• Source material
_ _ _ _

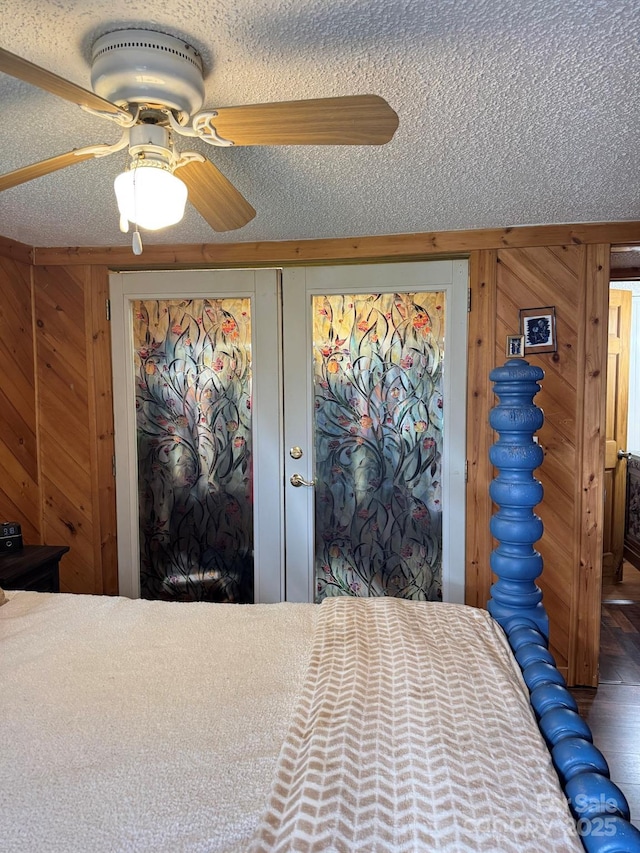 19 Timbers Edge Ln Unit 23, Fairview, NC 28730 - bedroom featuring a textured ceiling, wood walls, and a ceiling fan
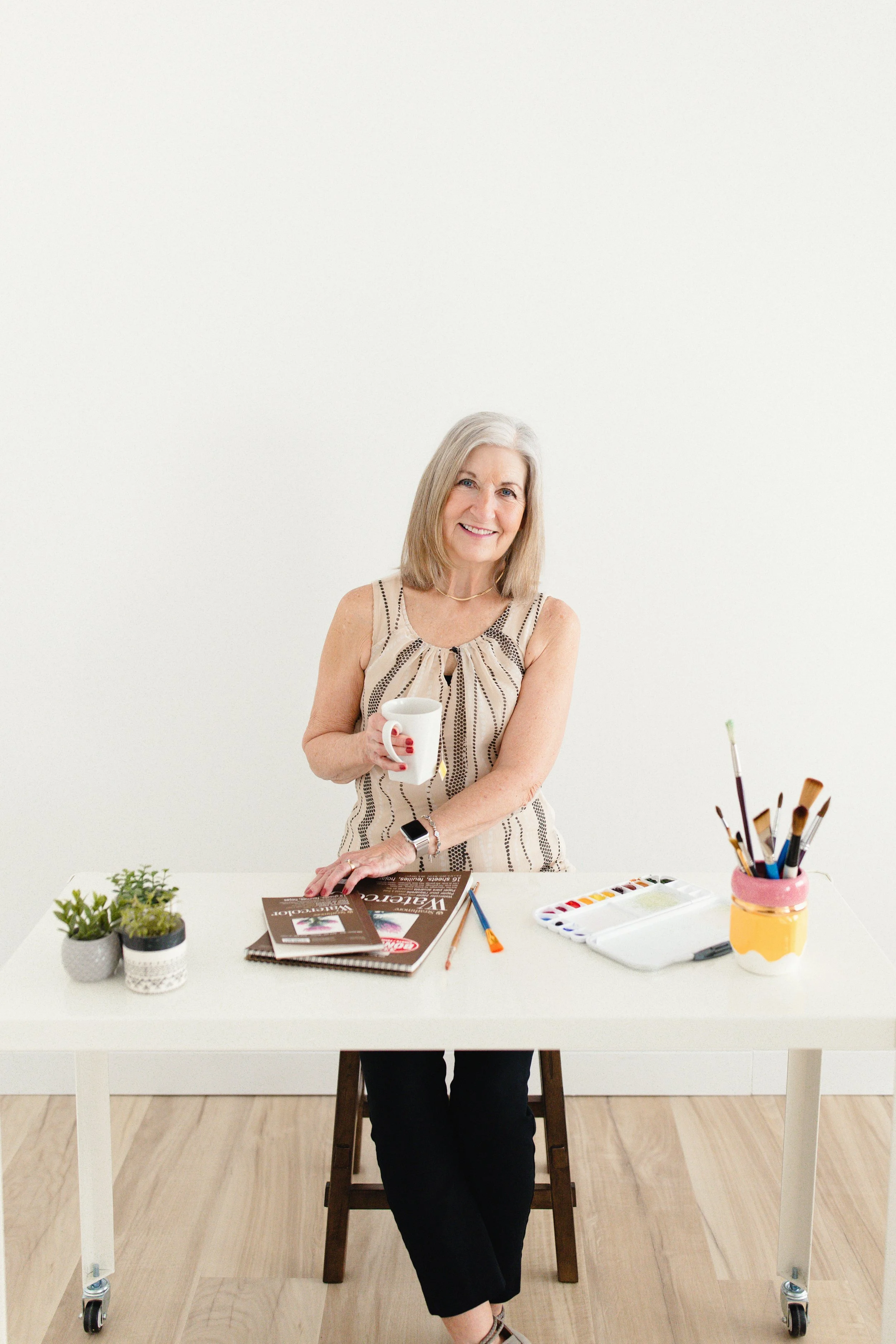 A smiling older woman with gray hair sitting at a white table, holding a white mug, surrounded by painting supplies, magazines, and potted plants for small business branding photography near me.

_ _ _ _

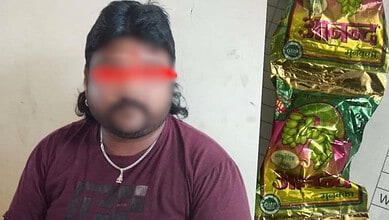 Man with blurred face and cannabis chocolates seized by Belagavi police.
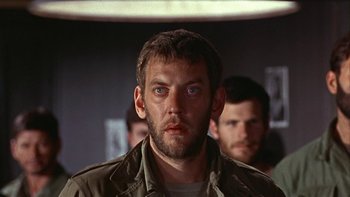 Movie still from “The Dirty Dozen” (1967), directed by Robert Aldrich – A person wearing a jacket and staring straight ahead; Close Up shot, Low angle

_ _ _ _

Output only the lines above from the line that holds "19 Timbers Edge" through the line that holds "A smiling older", both ends included, and exclude pictures.

 19 Timbers Edge Ln Unit 23, Fairview, NC 28730 - bedroom featuring a textured ceiling, wood walls, and a ceiling fan
 A smiling older woman with gray hair sitting at a white table, holding a white mug, surrounded by painting supplies, magazines, and potted plants for small business branding photography near me.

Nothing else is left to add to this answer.